Hoje venho divulgar a atualização de mais um ebook, desta vez o de Direito Administrativo, copiada abaixo.

Aproveito para relembrar que períodos de crise, com baixas nos concursos, são comuns.

Lembro sempre que quando eu me preparava para o concurso de Adutor da Receita Federal. Havia uma previsão de concursos nos anos de 1998, 1999 e 2000.

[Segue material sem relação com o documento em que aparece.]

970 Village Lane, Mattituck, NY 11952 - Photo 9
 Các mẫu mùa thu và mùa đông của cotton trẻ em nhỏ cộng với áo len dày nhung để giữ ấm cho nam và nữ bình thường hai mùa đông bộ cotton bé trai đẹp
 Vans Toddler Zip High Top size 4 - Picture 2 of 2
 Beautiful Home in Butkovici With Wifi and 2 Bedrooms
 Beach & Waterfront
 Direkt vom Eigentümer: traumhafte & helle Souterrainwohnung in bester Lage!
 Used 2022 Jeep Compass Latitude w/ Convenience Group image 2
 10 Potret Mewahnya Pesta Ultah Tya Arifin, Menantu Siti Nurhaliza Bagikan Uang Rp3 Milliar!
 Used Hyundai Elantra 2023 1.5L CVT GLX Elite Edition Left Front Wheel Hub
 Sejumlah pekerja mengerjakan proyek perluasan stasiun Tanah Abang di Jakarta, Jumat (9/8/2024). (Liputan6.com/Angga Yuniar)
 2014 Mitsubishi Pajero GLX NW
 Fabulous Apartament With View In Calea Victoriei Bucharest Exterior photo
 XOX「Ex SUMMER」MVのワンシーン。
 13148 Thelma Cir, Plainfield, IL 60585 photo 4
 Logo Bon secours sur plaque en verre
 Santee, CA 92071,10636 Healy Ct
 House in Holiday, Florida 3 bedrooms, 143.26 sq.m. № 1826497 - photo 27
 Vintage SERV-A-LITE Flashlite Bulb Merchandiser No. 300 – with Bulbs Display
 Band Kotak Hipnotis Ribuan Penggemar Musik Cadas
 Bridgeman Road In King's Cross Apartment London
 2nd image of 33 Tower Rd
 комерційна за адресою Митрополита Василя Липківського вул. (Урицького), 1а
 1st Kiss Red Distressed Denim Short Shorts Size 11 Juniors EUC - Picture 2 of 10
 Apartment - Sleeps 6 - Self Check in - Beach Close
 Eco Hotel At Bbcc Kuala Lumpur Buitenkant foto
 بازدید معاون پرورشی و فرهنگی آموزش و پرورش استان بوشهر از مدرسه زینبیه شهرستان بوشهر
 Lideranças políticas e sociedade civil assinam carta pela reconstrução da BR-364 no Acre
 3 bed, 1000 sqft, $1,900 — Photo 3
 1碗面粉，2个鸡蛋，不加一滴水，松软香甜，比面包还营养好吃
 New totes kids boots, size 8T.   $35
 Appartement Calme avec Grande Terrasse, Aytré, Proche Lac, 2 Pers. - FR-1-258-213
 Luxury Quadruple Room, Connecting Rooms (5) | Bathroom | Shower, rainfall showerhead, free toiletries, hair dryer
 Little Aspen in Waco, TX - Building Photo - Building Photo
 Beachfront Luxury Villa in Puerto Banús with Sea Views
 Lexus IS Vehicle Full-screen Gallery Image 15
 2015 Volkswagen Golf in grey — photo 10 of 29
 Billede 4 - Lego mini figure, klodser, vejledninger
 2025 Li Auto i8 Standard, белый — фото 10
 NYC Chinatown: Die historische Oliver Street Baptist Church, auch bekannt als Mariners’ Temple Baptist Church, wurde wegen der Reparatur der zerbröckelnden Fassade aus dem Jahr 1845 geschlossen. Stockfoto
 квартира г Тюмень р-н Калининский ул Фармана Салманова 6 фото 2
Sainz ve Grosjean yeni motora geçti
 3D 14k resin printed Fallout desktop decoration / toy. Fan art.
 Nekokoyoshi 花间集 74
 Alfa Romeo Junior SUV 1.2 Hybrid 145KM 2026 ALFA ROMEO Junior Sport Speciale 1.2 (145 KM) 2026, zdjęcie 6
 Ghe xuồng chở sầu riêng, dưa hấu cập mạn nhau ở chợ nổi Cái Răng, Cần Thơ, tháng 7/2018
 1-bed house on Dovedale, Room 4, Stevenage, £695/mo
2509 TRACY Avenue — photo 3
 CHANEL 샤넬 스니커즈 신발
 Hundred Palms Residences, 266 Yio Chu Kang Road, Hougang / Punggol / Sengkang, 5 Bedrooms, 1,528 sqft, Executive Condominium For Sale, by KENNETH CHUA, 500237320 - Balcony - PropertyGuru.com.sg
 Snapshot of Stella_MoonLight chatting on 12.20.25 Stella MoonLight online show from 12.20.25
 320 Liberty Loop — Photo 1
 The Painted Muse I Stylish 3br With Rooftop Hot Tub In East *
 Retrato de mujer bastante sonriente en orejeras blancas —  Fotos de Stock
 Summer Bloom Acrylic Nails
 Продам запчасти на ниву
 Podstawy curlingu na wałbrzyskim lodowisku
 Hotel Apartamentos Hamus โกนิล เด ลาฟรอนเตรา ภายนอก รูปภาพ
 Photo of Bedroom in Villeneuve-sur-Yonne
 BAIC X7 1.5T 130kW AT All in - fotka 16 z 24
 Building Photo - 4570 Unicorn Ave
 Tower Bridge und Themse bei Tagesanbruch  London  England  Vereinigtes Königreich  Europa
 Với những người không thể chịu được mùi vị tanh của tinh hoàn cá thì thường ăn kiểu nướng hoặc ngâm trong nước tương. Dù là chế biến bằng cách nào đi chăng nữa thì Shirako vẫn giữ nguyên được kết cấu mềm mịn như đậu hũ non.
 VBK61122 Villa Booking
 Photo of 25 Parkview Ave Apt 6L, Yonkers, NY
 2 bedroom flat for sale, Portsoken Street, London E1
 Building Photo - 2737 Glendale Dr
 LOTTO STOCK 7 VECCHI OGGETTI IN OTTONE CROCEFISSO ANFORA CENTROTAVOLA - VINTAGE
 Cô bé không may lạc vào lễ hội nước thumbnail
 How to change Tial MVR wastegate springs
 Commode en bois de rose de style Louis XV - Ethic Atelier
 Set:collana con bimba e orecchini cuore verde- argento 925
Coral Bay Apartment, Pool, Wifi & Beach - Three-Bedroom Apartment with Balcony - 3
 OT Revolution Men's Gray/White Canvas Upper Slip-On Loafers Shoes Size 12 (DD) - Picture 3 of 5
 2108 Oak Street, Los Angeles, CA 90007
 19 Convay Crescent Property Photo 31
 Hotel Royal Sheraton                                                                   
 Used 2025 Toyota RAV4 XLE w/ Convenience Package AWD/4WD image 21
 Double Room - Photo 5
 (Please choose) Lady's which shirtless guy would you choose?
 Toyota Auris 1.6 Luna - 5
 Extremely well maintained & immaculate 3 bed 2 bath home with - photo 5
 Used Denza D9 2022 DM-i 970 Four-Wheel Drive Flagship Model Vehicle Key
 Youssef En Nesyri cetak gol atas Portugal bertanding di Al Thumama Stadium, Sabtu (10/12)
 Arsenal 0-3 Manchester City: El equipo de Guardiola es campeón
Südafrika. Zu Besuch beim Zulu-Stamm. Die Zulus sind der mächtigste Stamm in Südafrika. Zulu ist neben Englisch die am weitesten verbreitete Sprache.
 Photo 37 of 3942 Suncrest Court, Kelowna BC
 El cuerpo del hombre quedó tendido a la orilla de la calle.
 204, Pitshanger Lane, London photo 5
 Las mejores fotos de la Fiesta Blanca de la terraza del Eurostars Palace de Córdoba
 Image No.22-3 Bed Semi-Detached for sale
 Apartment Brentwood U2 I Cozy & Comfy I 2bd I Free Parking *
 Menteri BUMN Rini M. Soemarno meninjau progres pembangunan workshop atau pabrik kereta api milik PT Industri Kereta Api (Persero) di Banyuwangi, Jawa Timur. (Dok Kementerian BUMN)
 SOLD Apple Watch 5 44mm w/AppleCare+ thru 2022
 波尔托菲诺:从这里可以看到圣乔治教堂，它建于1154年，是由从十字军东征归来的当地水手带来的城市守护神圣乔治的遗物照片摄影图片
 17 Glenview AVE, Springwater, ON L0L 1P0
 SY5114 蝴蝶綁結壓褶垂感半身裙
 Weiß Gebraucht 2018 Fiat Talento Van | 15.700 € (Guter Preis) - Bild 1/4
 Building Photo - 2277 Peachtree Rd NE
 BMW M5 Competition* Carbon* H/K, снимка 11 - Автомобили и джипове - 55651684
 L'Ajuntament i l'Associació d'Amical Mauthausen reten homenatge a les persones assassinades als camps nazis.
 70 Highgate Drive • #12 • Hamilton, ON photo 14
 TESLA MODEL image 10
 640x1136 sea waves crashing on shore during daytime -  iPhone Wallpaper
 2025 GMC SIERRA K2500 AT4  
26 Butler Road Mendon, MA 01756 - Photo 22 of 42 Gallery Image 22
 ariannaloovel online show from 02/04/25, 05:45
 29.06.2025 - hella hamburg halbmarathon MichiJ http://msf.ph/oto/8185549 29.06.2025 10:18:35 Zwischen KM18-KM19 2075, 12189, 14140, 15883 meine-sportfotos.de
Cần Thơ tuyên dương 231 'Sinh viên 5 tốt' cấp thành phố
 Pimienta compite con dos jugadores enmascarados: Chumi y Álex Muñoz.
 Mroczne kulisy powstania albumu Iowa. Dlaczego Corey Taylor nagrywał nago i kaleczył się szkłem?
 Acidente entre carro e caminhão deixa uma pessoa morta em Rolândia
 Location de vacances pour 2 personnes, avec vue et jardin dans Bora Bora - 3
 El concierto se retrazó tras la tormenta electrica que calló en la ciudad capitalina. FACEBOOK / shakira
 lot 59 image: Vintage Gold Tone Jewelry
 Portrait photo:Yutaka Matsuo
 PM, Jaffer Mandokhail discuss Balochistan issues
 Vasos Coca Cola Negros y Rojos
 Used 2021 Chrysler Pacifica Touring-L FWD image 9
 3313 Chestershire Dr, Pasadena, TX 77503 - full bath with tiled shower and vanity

Veio a crise (mais uma!) e ficou tudo suspenso!

Dos mais de 80 alunos da turma do cursinho em Curitiba apenas 2 continuaram a estudar até o concurso, que se realizaria quase 2 anos depois. Eu e mais um colega, e ambos passamos.

Ou seja, momentos de crise são ótimos para estudar com calma e planejamento, quando a maioria está desanimada, esperando pelo próximo edital quando, sabemos, já não há mais tempos para preparação com qualidade.

Aproveite seu tempo agora. A crise passará, os concursos voltarão, e você estará preparado!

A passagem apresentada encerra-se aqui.